Exercise details: Output should begin at the line holding "Bracelet en caoutchouc pour Tudor" and end at the last line of the entries; print those lines verbatim and no others.

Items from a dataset
________________________________________









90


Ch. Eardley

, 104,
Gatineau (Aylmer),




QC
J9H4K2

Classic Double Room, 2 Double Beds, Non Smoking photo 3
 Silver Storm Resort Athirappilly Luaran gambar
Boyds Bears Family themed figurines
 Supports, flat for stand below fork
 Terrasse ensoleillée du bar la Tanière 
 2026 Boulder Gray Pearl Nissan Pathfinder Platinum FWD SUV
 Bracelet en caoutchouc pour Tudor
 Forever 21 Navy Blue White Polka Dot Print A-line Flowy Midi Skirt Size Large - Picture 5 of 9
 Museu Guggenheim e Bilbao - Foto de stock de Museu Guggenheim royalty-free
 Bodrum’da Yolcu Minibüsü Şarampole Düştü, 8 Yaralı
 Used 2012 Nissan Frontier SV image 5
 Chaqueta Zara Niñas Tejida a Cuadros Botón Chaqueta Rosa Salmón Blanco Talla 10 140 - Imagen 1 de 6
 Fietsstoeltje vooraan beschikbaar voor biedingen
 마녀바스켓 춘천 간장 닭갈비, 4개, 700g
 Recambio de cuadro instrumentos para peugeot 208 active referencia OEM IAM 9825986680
________________________________________
Answer area:
 Bracelet en caoutchouc pour Tudor
 Forever 21 Navy Blue White Polka Dot Print A-line Flowy Midi Skirt Size Large - Picture 5 of 9
 Museu Guggenheim e Bilbao - Foto de stock de Museu Guggenheim royalty-free
 Bodrum’da Yolcu Minibüsü Şarampole Düştü, 8 Yaralı
 Used 2012 Nissan Frontier SV image 5
 Chaqueta Zara Niñas Tejida a Cuadros Botón Chaqueta Rosa Salmón Blanco Talla 10 140 - Imagen 1 de 6
 Fietsstoeltje vooraan beschikbaar voor biedingen
 마녀바스켓 춘천 간장 닭갈비, 4개, 700g
 Recambio de cuadro instrumentos para peugeot 208 active referencia OEM IAM 9825986680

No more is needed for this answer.